Friday, September 7, 2012

School of Forgery–Jon Stone

  In the first chapter (Or so we say – 21 propositions) of Simon Critchley’ s Things Merely Are, Proposition four states:
*“What then are poets for? In a time of dearth, they resist the pressure of reality, they press back against this oppressiveness with the power of imagination, producing felt variations in the appearance of things. Poetry enables us to feel differently, to see differently. It leavens a leaden time. This is poetry’s nobility, which is also a violence, an imaginative violence from within that protects us from the violence from without – violence against violence, then.”
I was having trouble trying to find the key to writing about this collection of poetry until reading the quote above, in the same book Critchley writes that “poetry reorders the order we find in things. It gives us things as they are, but beyond us”. He goes on to state that  poetry give us an idea of order.

This makes sense as Stone creates his verse from the flotsam and jetsam of culture, from scraps of film and other poetics, crafting his language into works that, at the surface, shine like some glitter ball.
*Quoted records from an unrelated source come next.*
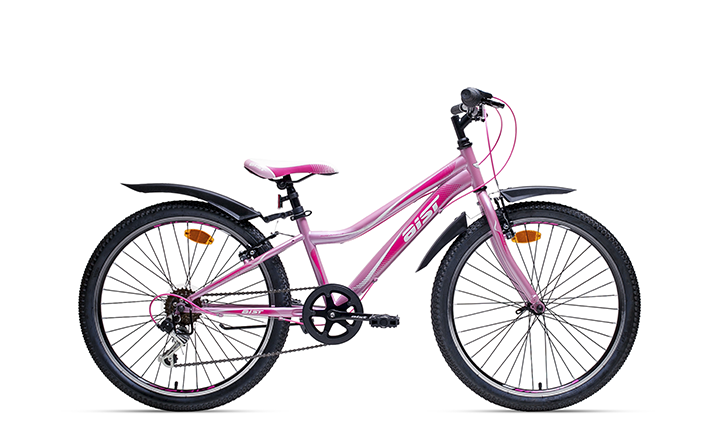 Аист Rosy Junior 1.0 2017
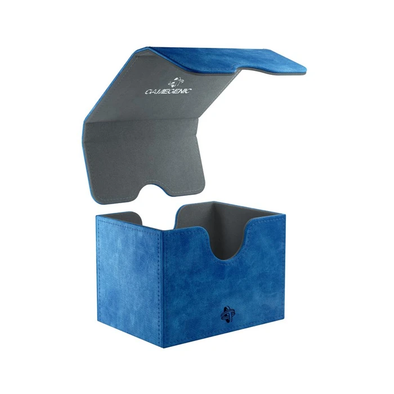  GameGenic Sidekick Convertible Blue 100ct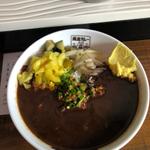 デビルカレー(魔皿カレー)
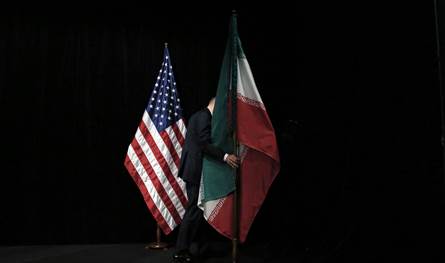 &quot;Responsible Statecraft&quot;: جر الولايات المتحدة إلى الحرب مع إيران لا يزال ممكناً..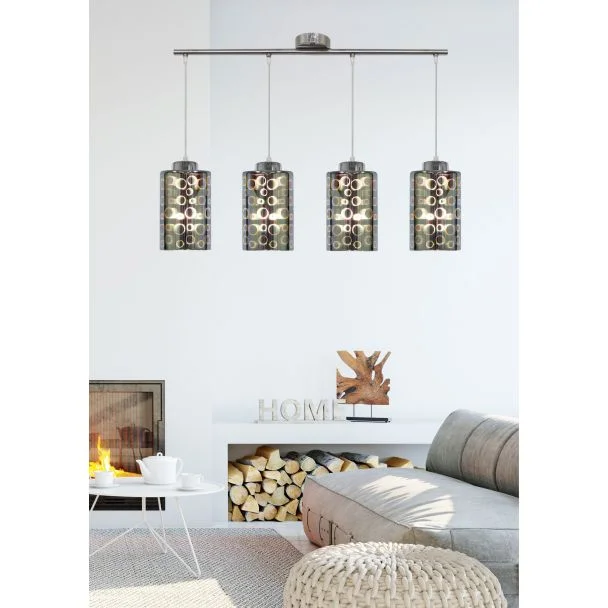 CANDELLUX NOCTURNO 34-57723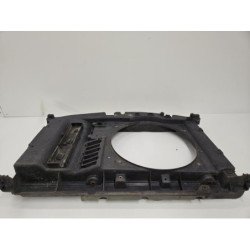 Armature Avant, Masque Avant Peugeot 307 Phase 1 Break (1)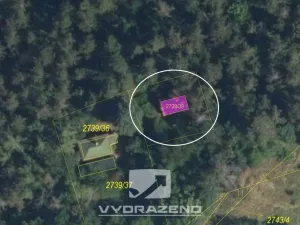 Prodej chaty, Roztoky, V Chatách, 50 m2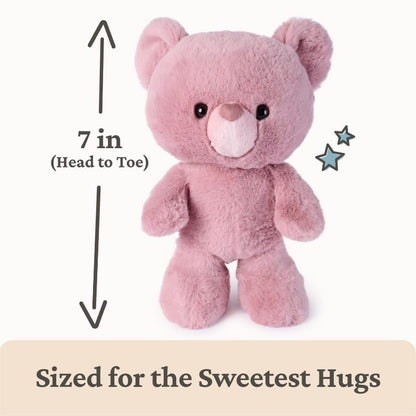 Spin Master Plush Bears Default Rose Kai 10 IN
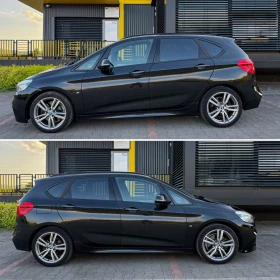 BMW 2 Active Tourer 220d //M-PAKET FULL LED / X-Drive - 10800 € / 21122.96 лв. - 86474044 7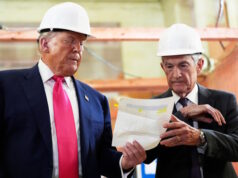 The Fed on the Brink: Trump’s Ultimate Showdown with Jerome Powell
It states on the inside cover that the School of Forgery, postulates the poem “as knock-off, as reclaimed scrap, and most of all as through-and-through fabrication” . This chimes with the idea of poet as artificer of the world using their imagination to contrive a reality, to reorder the order found in things. The poet finds the words that allow us to see life as it is, anew &  transfigured. It also states in the introduction that the School of Forgery principal teachings concern the volatile relationship between fakery and invention of which we all are alumni as isschool-of-forgery

“the bandit boiled alive in a cauldron of oil. So are the perpetrators of hoaxes, the writers of pornographic Dōjinshi*, counterfeiters in love with their teachers and teens who dress up as birds to fight tyranny. Its professors proliferate. Its graduates excel in every field. Its campus is the world.”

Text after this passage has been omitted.